Further, the Hawks have a long list of needs. To varying degrees, rookies Alex Debrincat, Jan Rutta and David Kampf have worked themselves into the picture for next year. Youngsters like Anthony Duclair Andreas Martinsen, Vince Hinostroza, Jordan Oesterle, John Hayden and Erik Gustafsson also appear to be pieces that fit the puzzle next year—maybe.

Reality bites

The truth is 33-39-10 is a dreadful record—and accurately reflects the quality of the talent on the roster.

There’s a raging debate over whether Joel Quenneville has “lost the room,” but in all likelihood, the “engine” that will drive this team anywhere next year remains the veteran core of Duncan Keith, Jonathan Toews, Patrick Kane, Brent Seabrook, and Brandon Saad. Factor a healthy Crawford and Debrincat in there as well. The point is, Quenneville has been to the top of the mountain with most of those players—more than once.

And it’s not to say that the supporting cast of youngsters is no good, it’s just that there remain some missing pieces, and some of the youngsters were asked to do more this year than they were ready to do.

What is missing

For all the projections about Rutta as a top 4 defenseman, or the pleasant surprise of Oesterle, or Gustafsson’s obvious offensive ability, this Hawk defense doesn’t suppress shots well, allows opposing forwards to do business right in front of the Hawk goalie, and gets caught out of position—a lot.

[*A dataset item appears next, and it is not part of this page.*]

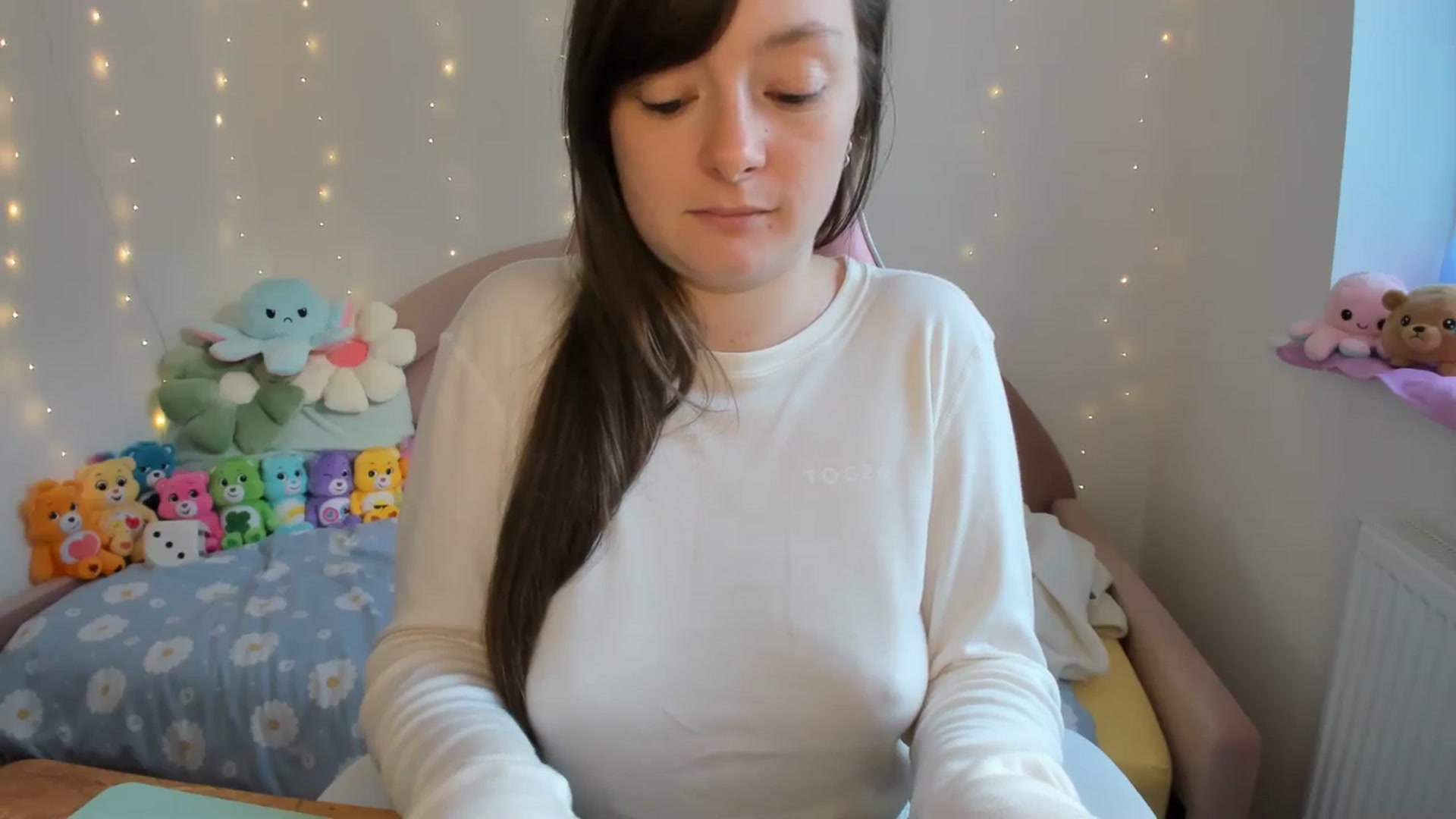 Gallery image thumbnail from JessieBear_'s myfreecams stream on, 09/24/2024, 17:08 image 7 of 20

It’s not enough—and kind of a waste of time—to expect Crawford to resume his role of “hiding” the deficiencies of a poor blueline this season.

Sure you can hope that over the summer, Connor Murphy becomes more consistent, Rutta’s style can change to be more effective along the wall, Gustafsson stops being a turnover machine and Oesterle can clear the front of the net going up against players who outweigh him by 30 pounds. Or that Keith and Seabrook can go into the Way Back Machine and become what they were three years ago.

Or Bowman can use some of that newly minted cap space and acquire a legitimate young two-way defenseman or two.

As pointed out earlier, the cost for that in free agency would likely be high. And the pickings are slim this year to boot.

So what about the draft, or a trade?

The draft

In the draft, if the Hawks were fortunate enough to win the draft lottery, the obvious choice is a guy who could step in tomorrow and upgrade the blueline, Swedish defender, Rasmus Dahlin.

However, the Hawks likely won’t win it. But they will likely pick in the top ten for the first time since 2007, and the franchise can’t afford to miss on this pick.

Keith, Seabrook, Toews and Crawford will all be 30-35 years old on draft day.

So it would make sense that the Hawks grab one of a handful of other fine defense prospects (Evan Bouchard, Adam Boqvist, Quinn Hughes, etc) or the best projectable, true center prospect available with their pick, and perhaps a goalie with Nashville’s pick near the end of the first round.

But after Dahlin, it’s highly unlikely any other draft prospect is truly NHL ready this year. And maybe you just draft the highest upside player, regardless of position.

Trades

For years, the Hawks always seemed to be looking for a 2nd line center. Then for a couple of years, it was the search for the elusive top 6 left wing. Now the focus may be shifting back to center, where it can be argued perhaps two of the current roster’s 4 centers are really almost like wings playing center (Artem Anisimov to a degree and Nick Schmaltz quite a bit).

Viktor Ejdsell appears to need some time in Rockford.

Both Anisimov and Schmaltz are “responsible” defensively as you might want a center to be, but Anisimov is ponderously slow and Schmaltz is pretty much a pushover when he has to go mano a mano around the net with larger centers and defensemen—which the Western Conference has in abundance.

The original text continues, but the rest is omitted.